收稿日期:2023-04-10 修回日期:2024-12-31 出版日期:2025-03-25 发布日期:2025-03-25
通信作者: *匡增桂(1983—),男,正高级工程师,主要从事水合物勘查与成藏研究。E-mail:kgz2001@163.com
作者简介:任金锋(1987—),男,博士,高级工程师,主要从事天然气水合物储层沉积与成藏研究。E-mail:jf_ren@163.com
基金资助:
国家重点研发计划项目(2024YFC2814701);国家重点研发计划项目(2021YFC2800901);国家自然科学基金项目(42376221);国家自然科学基金项目(42276083);广州海洋地质调查局局长科研基金项目(2023GMGSJZJJ00030);广州市科技计划项目(2023A04J0241);广东省基础与应用基础研究重大项目(2020B0301030003);中国地质调查局二级项目(DD20230064)

Sedimentary characteristics and accumulation model of sand-rich gas hydrate reservoir in the Qiongdongnan Basin, northern South China Sea

REN Jinfeng¹(), CHEN Yuhe², XU Mengjie¹, LI Tingwei¹, WANG Xiaoxue¹, LAI Hongfei¹, XIE Yingfeng¹, KUANG Zenggui¹^,^*()

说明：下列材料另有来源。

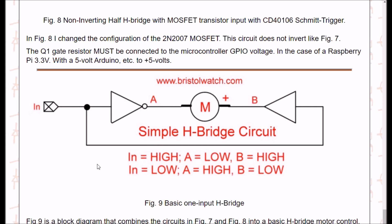Hopefully you'll get some use out of this or learn something new. I learned quite a bit figuring out what interface works with what without screwing things up. I'd appreciate it if you click the like button and visit my website at www.bristolwatch.com — I'll put links in the description to the schematics. Thanks again.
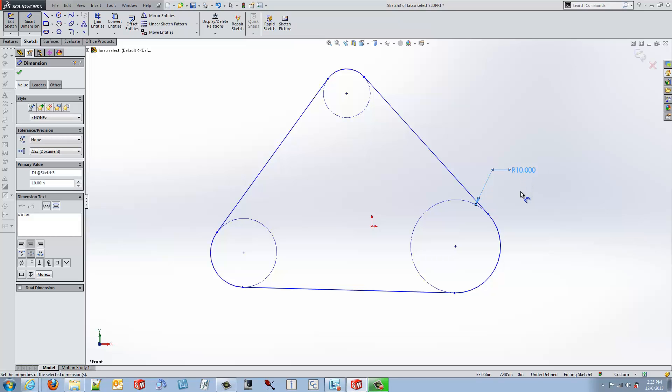You'll notice after I've entered the value to make the change, you really didn't see anything happen on the screen to change the size of the circle. That's because all the scaling took place immediately on every piece of geometry inside of the sketch.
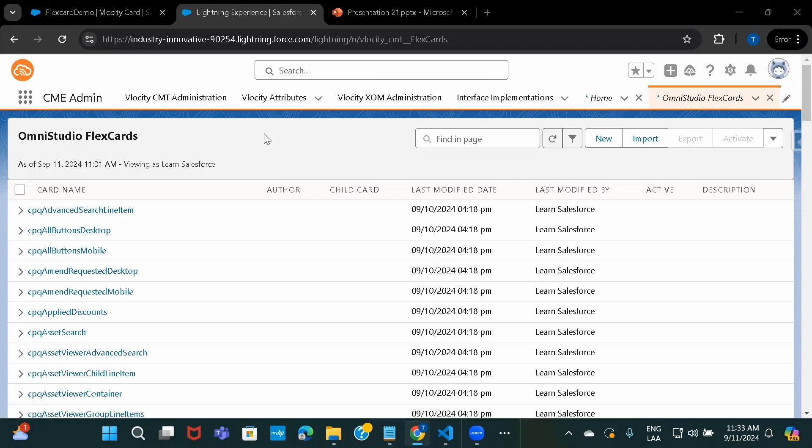Hi everyone, welcome back to Omni Studio Sessions. In this one, we'll check how you can use DataRaptor as a data source in your FlexCards. So let's just go ahead and create a FlexCard first.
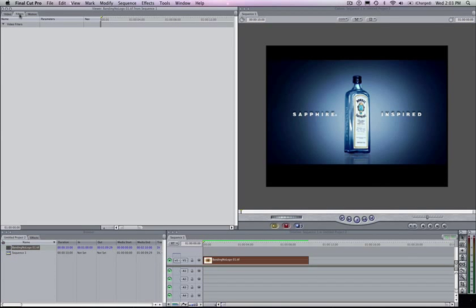We are going to look at the D-band plugin from Sapphire Plugins in this particular example running inside of Final Cut Pro. D-band is a more practical effect as opposed to some of the more eye-catching effects from Sapphire, but it's a really practical and useful effect in that it gets rid of banding.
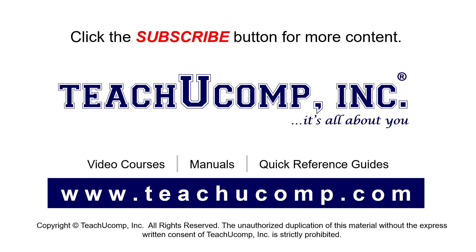Remember to click the subscribe button to see more of our videos. See our full suite of courses, instruction manuals, and quick reference guides at www.teachucomp.com.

1. National Engineering Research Center of Gas Hydrate Exploration and Development, Guangzhou Marine Geological Survey, Guangzhou 511458, China
2. College of Marine Science and Technology, China University of Geosciences(Wuhan), Wuhan 430074, China

Received:2023-04-10 Revised:2024-12-31 Online:2025-03-25 Published:2025-03-25

摘要/Abstract

摘要：

砂质水合物储层是国际上水合物勘查试采的首选目标,我国在南海北部琼东南盆地钻探发现了高饱和度砂质水合物。通过三维地震、测井、岩心及测试分析资料,证实了规模化成藏的砂质水合物藏。砂质水合物储层表现为低自然伽马、低西格玛、高电阻率、高声波速度和T2谱信号幅度急剧降低等测井响应特征,同时纵波及横波信号均明显衰减。砂层呈楔形近水平席状分布。岩性为粗粉砂-细砂为主,属于深水浊积体系末端的朵体沉积。剖面上,水合物和游离气具有同层分布、横向过渡的特点。平面上,水合物藏呈现椭圆形分布,中部发育伴生游离气,外围发育水合物。与世界其他海域钻探发现的倾斜砂质水合物储层不同的是,该水合物藏是在稳定域底界附近的水平砂层,在下伏气烟囱背景下局部高热流驱动和上覆细粒沉积地层的封盖下,充足游离气由中部向外横向长运移而形成大面积高饱和度水合物。

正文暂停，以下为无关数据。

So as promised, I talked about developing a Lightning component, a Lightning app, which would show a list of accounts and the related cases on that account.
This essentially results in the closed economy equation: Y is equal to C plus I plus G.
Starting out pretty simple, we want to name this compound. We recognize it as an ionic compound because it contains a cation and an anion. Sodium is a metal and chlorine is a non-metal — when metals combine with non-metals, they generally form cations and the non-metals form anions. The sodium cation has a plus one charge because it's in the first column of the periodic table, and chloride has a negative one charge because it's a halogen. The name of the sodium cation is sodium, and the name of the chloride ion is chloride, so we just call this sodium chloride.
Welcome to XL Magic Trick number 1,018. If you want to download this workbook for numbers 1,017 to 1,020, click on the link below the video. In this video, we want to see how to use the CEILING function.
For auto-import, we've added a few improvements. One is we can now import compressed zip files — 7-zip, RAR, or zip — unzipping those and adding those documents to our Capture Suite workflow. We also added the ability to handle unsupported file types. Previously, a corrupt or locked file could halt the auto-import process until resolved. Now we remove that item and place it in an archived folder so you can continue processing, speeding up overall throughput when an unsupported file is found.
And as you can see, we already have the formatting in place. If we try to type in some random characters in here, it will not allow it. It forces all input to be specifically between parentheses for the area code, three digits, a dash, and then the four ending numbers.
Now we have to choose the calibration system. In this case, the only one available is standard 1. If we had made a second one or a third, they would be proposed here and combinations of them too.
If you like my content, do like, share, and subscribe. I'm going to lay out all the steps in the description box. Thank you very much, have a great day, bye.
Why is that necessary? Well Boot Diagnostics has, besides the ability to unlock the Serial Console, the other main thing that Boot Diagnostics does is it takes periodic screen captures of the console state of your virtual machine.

关键词: 砂质水合物, 气烟囱, 深水朵体沉积, 横向接触成藏, 琼东南盆地

Abstract:

Sand-rich gas hydrate reservoirs are prime targets for hydrate exploration and test production worldwide. Concentrated hydrate in sand-rich reservoirs has been drilled in the Qiongdongnan Basin, northern South China Sea. Based on 3D seismic data, well logging, core samples, and test analysis, the large-scale accumulation of sand-rich gas hydrate has been confirmed. The sand-rich hydrate reservoir is characterized by low gamma ray, low sigma, high resistivity, increased P-wave and S-wave velocities, and a sharp reduction in T₂ spectrum signal amplitude. Additionally, high attenuation of P- and S-waves is observed in hydrate-bearing zones. The sand layer is distributed in a wedge-shaped horizontal sheet. The lithology is mainly coarse silt to fine sand, developed in the terminal lobe of deep-water turbidite systems. In vertical sections, gas hydrate and free gas exhibit co-layered distribution and lateral transition characteristics. In map view, the gas hydrate reservoir shows an elliptical distribution, with free gas concentrated in the center and gas hydrate developed in the periphery. Unlike gas hydrate reservoirs in dipping sands of other regions worldwide, the gas hydrate reservoir in the Qiongdongnan Basin was formed in a horizontal sand layer near the base of the hydrate stability zone. The formation of highly saturated hydrate was driven by locally high heat flow at the top of the underlying gas chimney and capped by overlying fine-grained sediments. A large area of hydrate was formed through radially lateral, long-distance migration of sufficient free gas from the center to the periphery.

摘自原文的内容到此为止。